◆ **YOUR OBJECTIVE**: Your output should be the lines from the one containing "Kandilli'de TTK lojmanı" through the last line below, both ends included, exactly as written and free of pictures.

◆ **INFORMATION PROVIDED**:
== Segment start ==
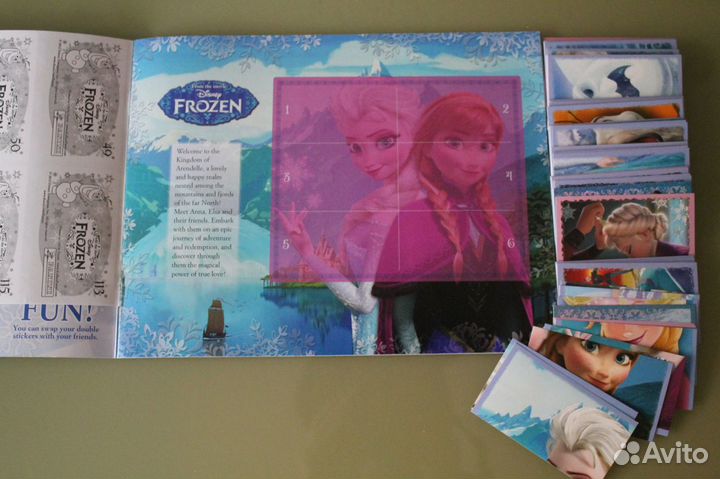 Panini Холодное Сердце альбом + сет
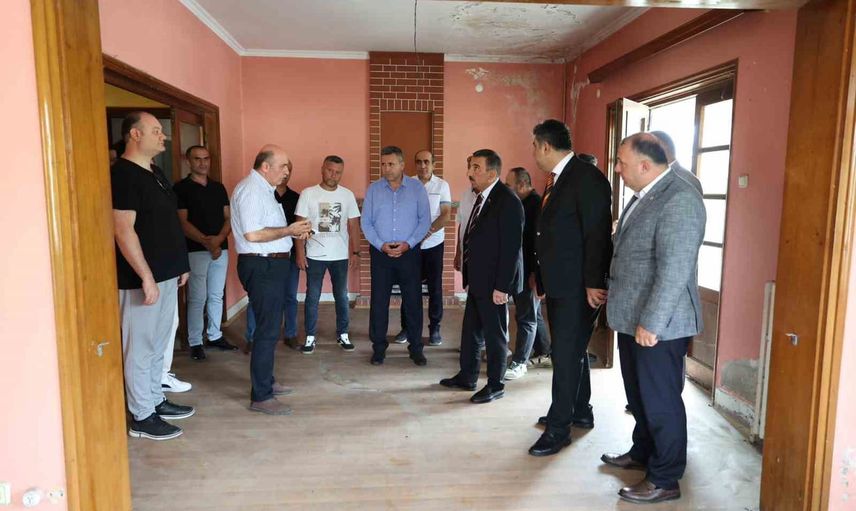Kandilli'de TTK lojmanı müzeye dönüştürülecek: vali Hacıbektaşoğlu onarım talimatı verdi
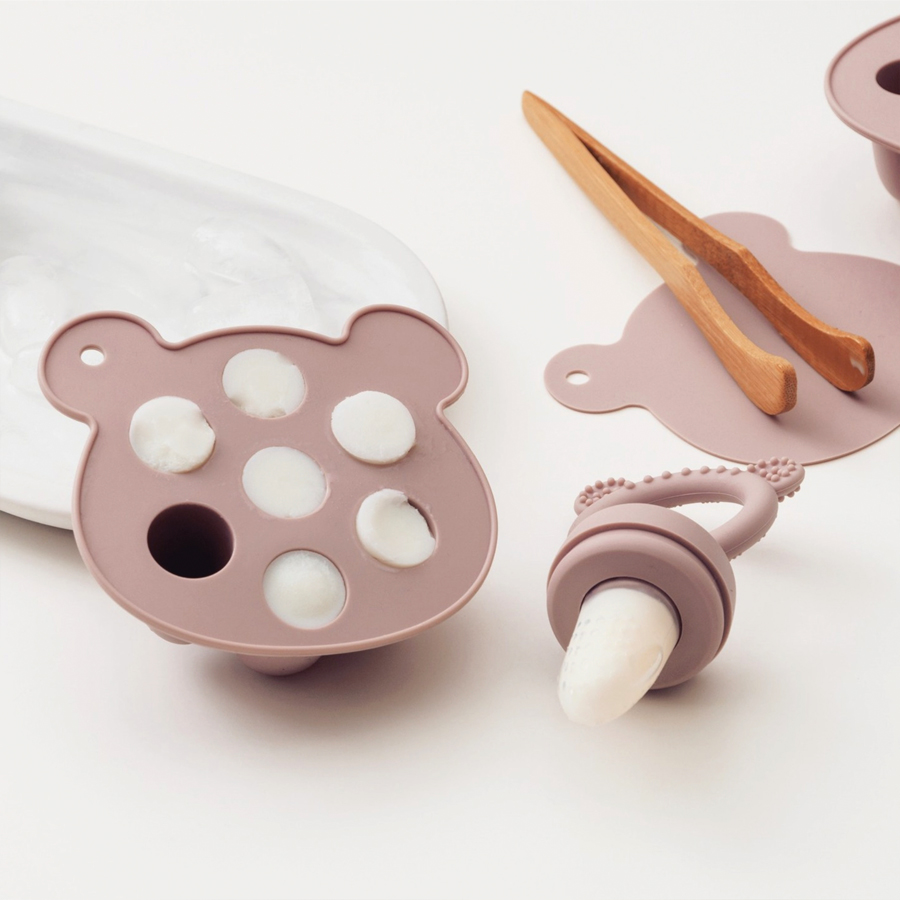Kleur Kids 2PC Siliconen Baby  - Baby Products Cream recensie en prijs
== Segment end ==
◆ **EXERCISE RESPONSE**:
Kandilli'de TTK lojmanı müzeye dönüştürülecek: vali Hacıbektaşoğlu onarım talimatı verdi
Kleur Kids 2PC Siliconen Baby  - Baby Products Cream recensie en prijs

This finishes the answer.